Citation: Gautam Thatte, Urbashi Mitra, and John Heidemann. Parametric Methods for Anomaly Detection in Aggregate Traffic. Technical Report N. ISI-TR-2009-663, USC/Information Sciences Institute, August, 2009. http://www.isi.edu/~johnh/PAPERS/Thatte09a.html.

The ANT project is happy to announce that our extensions to Hadoop to support splitting of bzip2-compressed files have been accepted to appear in the next Hadoop release (will be 0.21.0).

Support for compression is important in map/reduce because it reduces the amount of I/O, and because important input files (for us, our Internet address censuses) are provided in compressed format.

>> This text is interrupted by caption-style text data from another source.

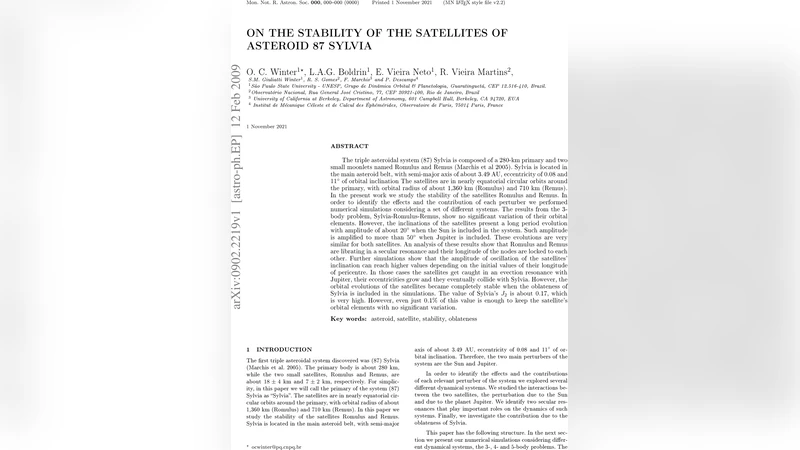 On the Stability of the Satellites of Asteroid 87 Sylvia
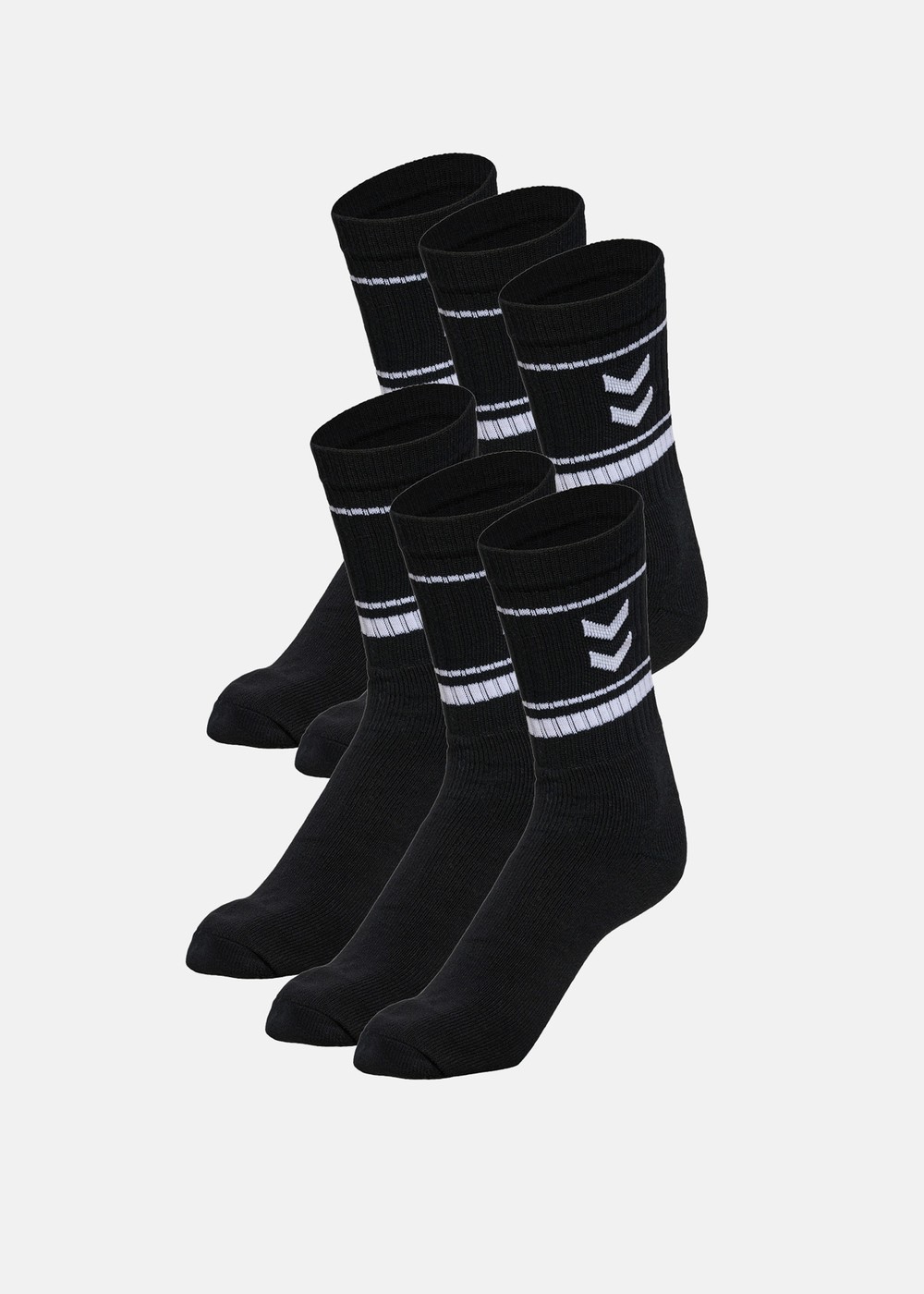 Hmlfundamental Stripe Sock 6-P, Black/White, 39-42, Bomullsstrumpor | Herr - Kläder - Strumpor - Bomullsstrumpor | Padelspecialisterna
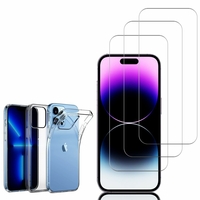 Apple iPhone 14 Pro Max 6.7": Etui Housse Pochette Accessoires Coque gel UltraSlim - TRANSPARENT + 3 Films de protection d'écran Verre Trempé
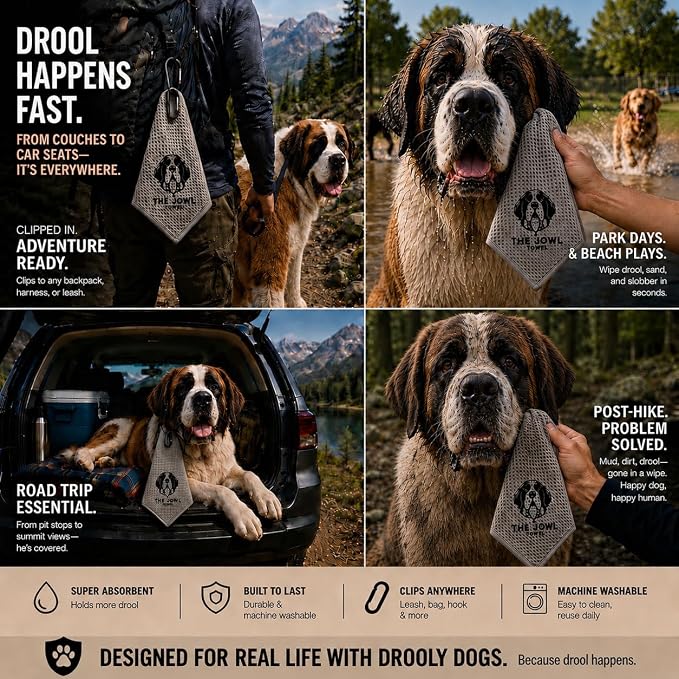 Dog Drool Towel for Large Dogs – Absorbent Microfiber Drool Catcher, Collar & Leash Attachment, Convenient Alternative to Drool Bibs (3 Pack)
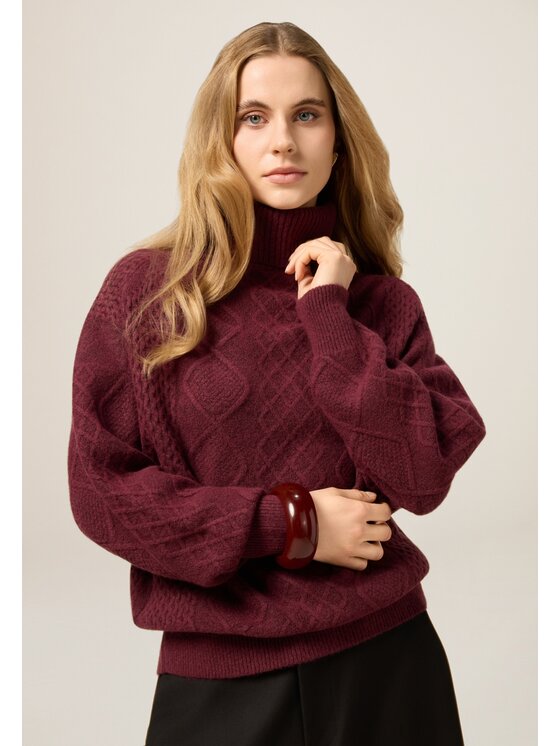 Oltre Oltre Sweter M118E002118N036 Bordowy Regular Fit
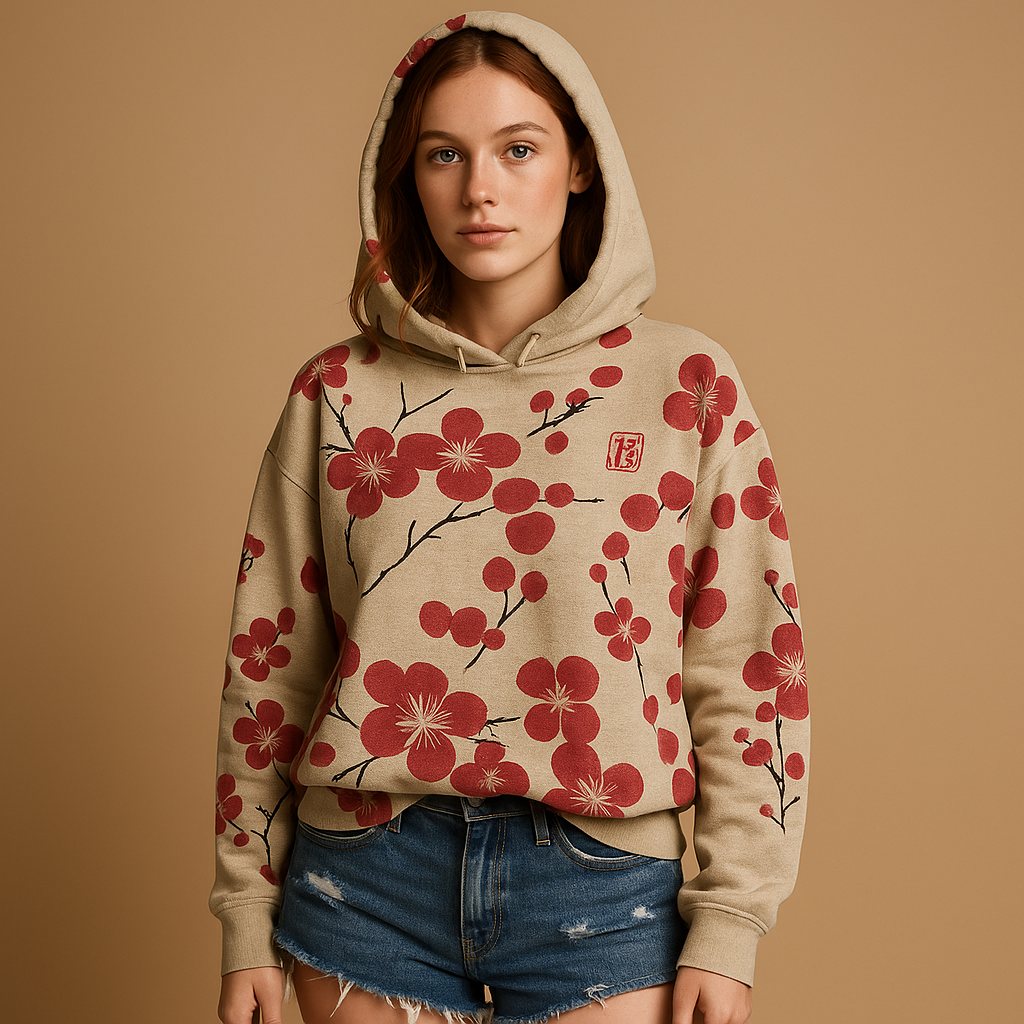 Women’s floral hoodie sweater with vibrant print, soft hood, and relaxed fit, ideal for casual outfits, cool days, and cozy weekends.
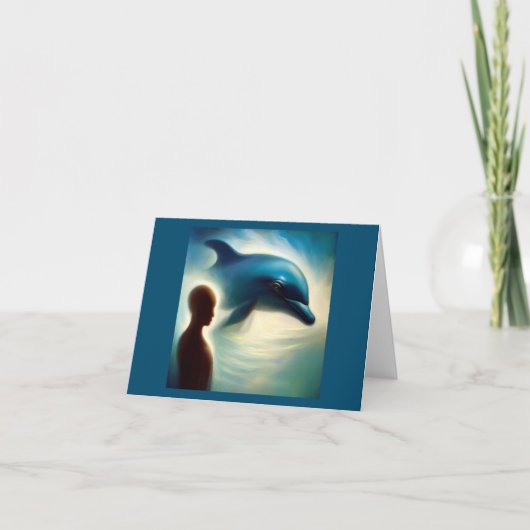 Spirit Animal Dolphin 2 Gevouwen Wenskaart Kaart (Voorkant)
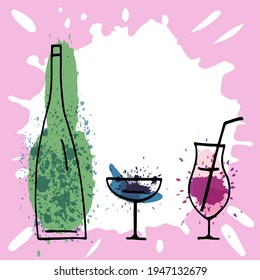 Background with stylized cartoon bottle and wine glass. Menu page. Template. Copy space. Vector image.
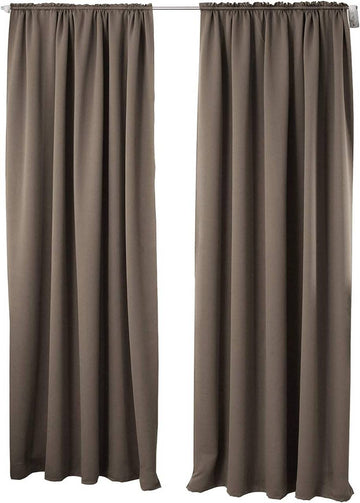 Verduisterende gordijnen met rimpelband 2 stuks | Taupe | 135x245 cm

Splitting is important in map/reduce, because splitting allows many computers to process parts of a few big files. Since the whole point of Hadoop and map/reduce is processing big files (for us, 4GB or more) with many computers (for us, dozens to hundreds), splitting is really essential.

Until now, Hadoop did not support splitting of compressed files. Instead, if input data was compressed, you get at most one computer per file. Some work-arounds were possible, but basically unpleasant, and often requiring that one rewrite all the input data is some other format.

Our extensions (see HADOOP-4012 and MAPREDUCE-830, plus HADOOP-3646 that went into 0.19.0) support Hadoop execution over bzip2 files with automatic splitting. Getting this done was trickier than one might expect: Hadoop really wants to decide where to split files, yet bzip2 can only support splits at specific locations that are different, and users don’t care about either of these but instead only about their record boundaries. Fortunately, we were able to align all of these constraints, and deal with the corner cases that inevitably arise. (What if the bzip2 marker appears in normal data? What happens when markers exactly align, or are off-by-one?)

Abdul Qadeer did this work in 2008, working with Yuri Pradkin and me (John Heidemann), and continued to work with the patch through its getting committed. We especially thank Chris Douglas at Yahoo for shepherding patch through the Hadoop bug tracking system, including helping clean it up and add test cases. And we thank Doug Cutting for initially suggesting bzip2 as a splittable compression scheme.

This work was supported by NSF through the MR-Net research project (CNS-0823774).